Fine laughed. “Franklin didn’t say that.”
“What is it you ambulance-chasers say? ‘Or words to that effect’?”
Fine chuckled again.
“I was going to run her off,” Canidy said. “But then I had a sudden insight. I think she’s just what he needs tonight. Now, what can I do for you?”
“What?”
“I hate to send any of my loyal legion into the mouth of death without getting them a farewell live-today-for-tomorrow-we-die piece of ass. How does yonder redhead strike your fancy?”
Fine laughed. “I’m going to the U.S. Embassy in Bern,” he said.
“First,” Canidy said.
Fine smiled.
“Thank you, sir, but no thank you, sir. I am one of the few surviving members of that rara avis,‘faithful husband.’”
Canidy chuckled. “Is that what love is, Stanley, not wanting to fuck anybody else?”
Fine sensed that it was a serious question.
“You can look, but not touch,” he said. “They call it fidelity.”
“Then I must have caught it,” Canidy said.
“Maybe you’re coming down with a cold,” Fine said.
“Screw you,” Canidy said fondly.
Chapter FOUR
Fersfield Army Air Corps Station
Bedfordshire, England
29 January 1943
Lt.
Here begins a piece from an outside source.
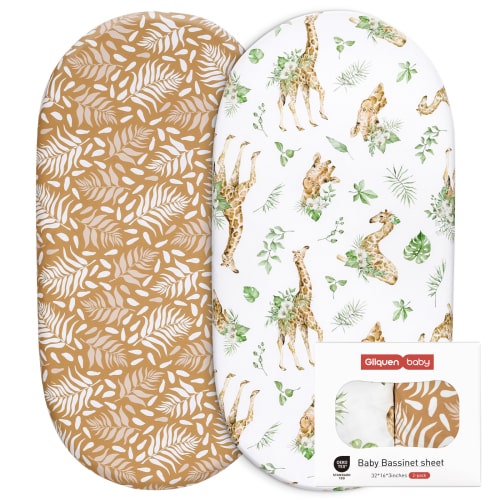 Gllquen Baby Bassinet Crib Sheets Set, Breathable Cozy Fitted Mattress Sheet, Elastic Travel Crib Fashionable Floral Pattern, Standard Cradle Safe Sheets for Baby Boy Girls 32"X16", Giraffe, Polyester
Commander Edwin W. Bitter was torn between annoyance and pleasure when he saw the Packard limousine bouncing directly across the airfield— rather than taking the access road or even the taxiway—toward the ancient B-17. He could see Sergeant Agnes Draper behind the wheel. That was fine. But there were two others in the backseat, two officers with the golden United States eagle on their caps. One of them was almost certainly Canidy, and the other more than likely Stanley S. Fine.
He’d suspected Canidy would show up, and that he would probably bring Fine with him. Fine was, after all, a former B-17 squadron commander with far more time in seventeens than either Joe Kennedy or Dolan. He was even, Bitter recalled now, a rated Instructor Pilot.